Arriva al Japan Film Festival Plus (in versione online per il 2021) The Flavor of Green Tea Over Rice, il capolavoro restaurato di Ozu Yasushiro, maestro indiscusso del cinema realista giapponese. Dopo una prima fase all’epoca del muto in cui il regista esplorò il cinema di genere americano, con il suo ritorno alla macchina da presa dopo la fine della seconda guerra mondiale, Ozu ha dedicato la sua intera carriera ad un cinema delicato ed intimista dalla poetica evocativa e la raffinata simbologia che ha influenzato intere generazioni di cineasti asiatici e occidentali.
Il film del 1952 The Flavor of Green Tea Over Rice rappresenta una perfetta formula del cinema di Ozu con attenzione ai dialoghi ed alla composizione scenica ed una forte capacità di attrarre lo spettatore con temi apparentemente semplici ma di incredibile efficacia e coinvolgimento. Questa sembra davvero essere una delle opere più femministe del regista giapponese ed alle donne è dedicata la maggior parte del racconto esplorando le sfaccettature delle regole e convenzioni della società del Giappone degli anni ’50.
Il racconto si snoda attraverso la vita quotidiano di alcune donne agiate che vivono le loro attività sociali e le questioni di forma e comportamento pubblico in un Giappone delicato e rarefatto.
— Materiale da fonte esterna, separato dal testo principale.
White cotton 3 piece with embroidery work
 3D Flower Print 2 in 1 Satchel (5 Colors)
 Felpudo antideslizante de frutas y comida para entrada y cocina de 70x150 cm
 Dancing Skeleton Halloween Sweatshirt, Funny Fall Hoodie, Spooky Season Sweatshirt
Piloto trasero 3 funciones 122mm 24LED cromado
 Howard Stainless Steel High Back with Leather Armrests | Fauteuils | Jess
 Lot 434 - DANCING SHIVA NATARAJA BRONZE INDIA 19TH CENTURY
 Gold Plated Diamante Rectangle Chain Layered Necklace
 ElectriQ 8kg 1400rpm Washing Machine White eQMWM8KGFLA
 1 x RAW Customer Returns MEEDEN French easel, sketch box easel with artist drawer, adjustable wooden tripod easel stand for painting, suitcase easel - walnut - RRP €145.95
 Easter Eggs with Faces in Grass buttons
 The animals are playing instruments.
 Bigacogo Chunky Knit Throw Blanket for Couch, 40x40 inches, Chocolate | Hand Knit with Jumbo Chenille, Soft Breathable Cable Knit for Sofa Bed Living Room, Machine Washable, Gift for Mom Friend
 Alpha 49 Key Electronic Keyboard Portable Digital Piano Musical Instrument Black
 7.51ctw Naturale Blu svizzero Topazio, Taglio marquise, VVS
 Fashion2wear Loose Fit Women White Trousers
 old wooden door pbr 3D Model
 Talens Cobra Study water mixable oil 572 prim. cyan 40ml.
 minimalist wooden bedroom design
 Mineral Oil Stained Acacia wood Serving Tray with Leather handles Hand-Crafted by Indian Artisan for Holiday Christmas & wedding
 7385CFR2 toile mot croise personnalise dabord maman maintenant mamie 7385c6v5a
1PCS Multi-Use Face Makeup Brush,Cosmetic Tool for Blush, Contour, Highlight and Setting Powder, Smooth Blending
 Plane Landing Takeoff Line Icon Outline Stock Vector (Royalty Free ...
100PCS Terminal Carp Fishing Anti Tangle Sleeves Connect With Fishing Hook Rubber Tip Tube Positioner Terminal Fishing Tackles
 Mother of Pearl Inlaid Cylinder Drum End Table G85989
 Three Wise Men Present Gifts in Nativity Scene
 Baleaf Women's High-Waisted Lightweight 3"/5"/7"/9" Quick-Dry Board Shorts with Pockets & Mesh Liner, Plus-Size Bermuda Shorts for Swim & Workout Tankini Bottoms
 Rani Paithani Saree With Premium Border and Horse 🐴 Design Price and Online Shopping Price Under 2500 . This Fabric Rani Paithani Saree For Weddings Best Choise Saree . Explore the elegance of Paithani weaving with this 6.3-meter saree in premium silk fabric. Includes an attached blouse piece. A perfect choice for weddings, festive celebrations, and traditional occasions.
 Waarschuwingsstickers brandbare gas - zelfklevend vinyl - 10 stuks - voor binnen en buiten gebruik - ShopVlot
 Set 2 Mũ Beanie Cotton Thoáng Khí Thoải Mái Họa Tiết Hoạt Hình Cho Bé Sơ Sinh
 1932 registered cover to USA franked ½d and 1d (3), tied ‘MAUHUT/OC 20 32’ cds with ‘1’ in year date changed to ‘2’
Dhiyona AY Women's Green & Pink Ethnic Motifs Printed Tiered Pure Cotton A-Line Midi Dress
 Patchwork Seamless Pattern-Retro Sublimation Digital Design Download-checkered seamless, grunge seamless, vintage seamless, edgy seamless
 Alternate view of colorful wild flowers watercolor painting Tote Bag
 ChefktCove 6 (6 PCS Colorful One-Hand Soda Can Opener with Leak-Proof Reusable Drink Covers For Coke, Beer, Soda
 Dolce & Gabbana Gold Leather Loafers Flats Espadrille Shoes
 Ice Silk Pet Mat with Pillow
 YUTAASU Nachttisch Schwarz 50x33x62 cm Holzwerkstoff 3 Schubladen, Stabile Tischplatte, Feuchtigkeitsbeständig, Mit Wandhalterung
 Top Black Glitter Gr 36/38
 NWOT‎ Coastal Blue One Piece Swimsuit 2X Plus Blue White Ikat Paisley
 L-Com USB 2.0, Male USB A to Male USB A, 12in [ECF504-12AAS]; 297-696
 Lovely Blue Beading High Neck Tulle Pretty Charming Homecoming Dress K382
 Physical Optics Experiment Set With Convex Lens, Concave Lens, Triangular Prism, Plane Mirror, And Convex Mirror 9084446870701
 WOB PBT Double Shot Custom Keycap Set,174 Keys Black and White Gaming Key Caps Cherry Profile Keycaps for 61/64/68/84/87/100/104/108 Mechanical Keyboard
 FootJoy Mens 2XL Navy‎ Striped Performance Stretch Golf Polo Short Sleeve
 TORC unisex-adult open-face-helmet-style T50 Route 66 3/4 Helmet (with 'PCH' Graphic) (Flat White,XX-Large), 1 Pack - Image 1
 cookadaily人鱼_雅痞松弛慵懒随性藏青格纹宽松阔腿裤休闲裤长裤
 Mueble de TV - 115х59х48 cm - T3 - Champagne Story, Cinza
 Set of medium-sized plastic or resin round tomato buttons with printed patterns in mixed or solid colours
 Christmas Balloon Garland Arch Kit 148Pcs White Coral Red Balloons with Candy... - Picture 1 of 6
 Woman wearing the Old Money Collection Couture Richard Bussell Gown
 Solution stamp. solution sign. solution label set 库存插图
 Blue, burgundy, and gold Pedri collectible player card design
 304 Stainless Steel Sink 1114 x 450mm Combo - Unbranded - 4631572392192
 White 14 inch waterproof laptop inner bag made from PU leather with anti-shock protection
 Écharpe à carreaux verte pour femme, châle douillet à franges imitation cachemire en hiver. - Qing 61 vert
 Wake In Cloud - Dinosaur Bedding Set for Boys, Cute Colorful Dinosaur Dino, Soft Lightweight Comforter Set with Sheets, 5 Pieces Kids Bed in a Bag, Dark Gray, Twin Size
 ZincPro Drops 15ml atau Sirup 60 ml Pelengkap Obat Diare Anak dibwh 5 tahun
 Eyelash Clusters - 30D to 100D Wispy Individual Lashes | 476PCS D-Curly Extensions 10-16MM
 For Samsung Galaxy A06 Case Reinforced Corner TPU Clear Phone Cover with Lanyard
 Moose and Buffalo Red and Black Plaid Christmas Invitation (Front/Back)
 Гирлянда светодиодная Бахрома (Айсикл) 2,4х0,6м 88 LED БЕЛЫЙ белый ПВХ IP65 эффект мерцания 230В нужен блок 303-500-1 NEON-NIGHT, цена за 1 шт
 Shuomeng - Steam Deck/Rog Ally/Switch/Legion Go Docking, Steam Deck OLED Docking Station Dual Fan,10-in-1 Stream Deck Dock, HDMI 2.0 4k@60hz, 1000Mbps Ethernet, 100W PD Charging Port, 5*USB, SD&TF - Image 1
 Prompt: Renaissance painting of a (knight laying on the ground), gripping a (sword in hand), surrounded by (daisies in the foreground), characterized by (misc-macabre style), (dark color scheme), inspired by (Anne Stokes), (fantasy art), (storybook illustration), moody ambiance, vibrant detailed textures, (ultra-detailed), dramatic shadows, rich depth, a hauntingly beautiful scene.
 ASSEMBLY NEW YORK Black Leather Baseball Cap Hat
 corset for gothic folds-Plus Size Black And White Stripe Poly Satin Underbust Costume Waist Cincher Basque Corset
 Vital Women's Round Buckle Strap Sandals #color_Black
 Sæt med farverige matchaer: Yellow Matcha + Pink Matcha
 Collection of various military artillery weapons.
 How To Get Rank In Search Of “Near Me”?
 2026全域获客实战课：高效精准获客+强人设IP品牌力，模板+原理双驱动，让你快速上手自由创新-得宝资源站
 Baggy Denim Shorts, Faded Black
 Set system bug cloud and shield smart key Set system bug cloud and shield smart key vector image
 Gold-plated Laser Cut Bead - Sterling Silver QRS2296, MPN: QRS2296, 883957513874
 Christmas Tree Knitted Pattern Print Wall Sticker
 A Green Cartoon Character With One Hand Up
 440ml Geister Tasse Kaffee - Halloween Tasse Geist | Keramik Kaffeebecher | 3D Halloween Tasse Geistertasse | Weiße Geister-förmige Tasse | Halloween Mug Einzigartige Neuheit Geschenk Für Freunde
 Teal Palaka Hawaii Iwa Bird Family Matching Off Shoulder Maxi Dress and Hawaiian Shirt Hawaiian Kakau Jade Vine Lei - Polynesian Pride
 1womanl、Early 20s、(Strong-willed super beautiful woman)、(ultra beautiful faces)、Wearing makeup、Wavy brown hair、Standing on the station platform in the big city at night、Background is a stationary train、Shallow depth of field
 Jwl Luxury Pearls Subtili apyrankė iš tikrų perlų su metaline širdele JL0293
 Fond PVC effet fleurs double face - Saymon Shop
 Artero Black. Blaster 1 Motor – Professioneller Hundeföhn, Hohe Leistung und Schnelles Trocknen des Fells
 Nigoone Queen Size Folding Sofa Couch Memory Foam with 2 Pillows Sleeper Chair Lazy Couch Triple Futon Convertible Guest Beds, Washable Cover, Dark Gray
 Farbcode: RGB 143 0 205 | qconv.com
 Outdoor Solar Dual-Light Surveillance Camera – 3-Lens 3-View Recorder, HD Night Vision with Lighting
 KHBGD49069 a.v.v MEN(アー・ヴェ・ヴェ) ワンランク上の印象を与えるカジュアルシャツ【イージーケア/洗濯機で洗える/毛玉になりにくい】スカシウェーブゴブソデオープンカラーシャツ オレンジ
Una dimensione di porcellana dove le sole stonature sembrano essere quelle espresse dalla più giovane delle donne che rifiuta costumi e convenzioni del Giappone tradizionale e lotta per costruirsi una vita basata su scelte indipendenti ed un nuovo modello femminile.
In contrapposizione il regista ci offre anche uno spaccato di vita matrimoniale in crisi, con contrasti riservati ma risoluti che porteranno ad una separazione ed un ricongiungimento brillante interamente ambientato in una cucina. La coppia, durante la preparazione notturna di un riso al the verde, si ritroverà a vivere un istante di intimità e semplicità che consentirà loro di riscoprire il senso del matrimonio.
Nella struttura delicata e delizionsa del film di Ozu non manca una critica alla nuova moda (negli anni ’50) del pachinko, un gioco d’azzardo che cominciava a logorare le risorse economiche delle generazioni più giovani della nazione. L’opera è un piccolo gioiello godibilissimo a quasi settant’anni di distanza che mostra ancora una scrittura di qualità ed una messa in scena perfetta.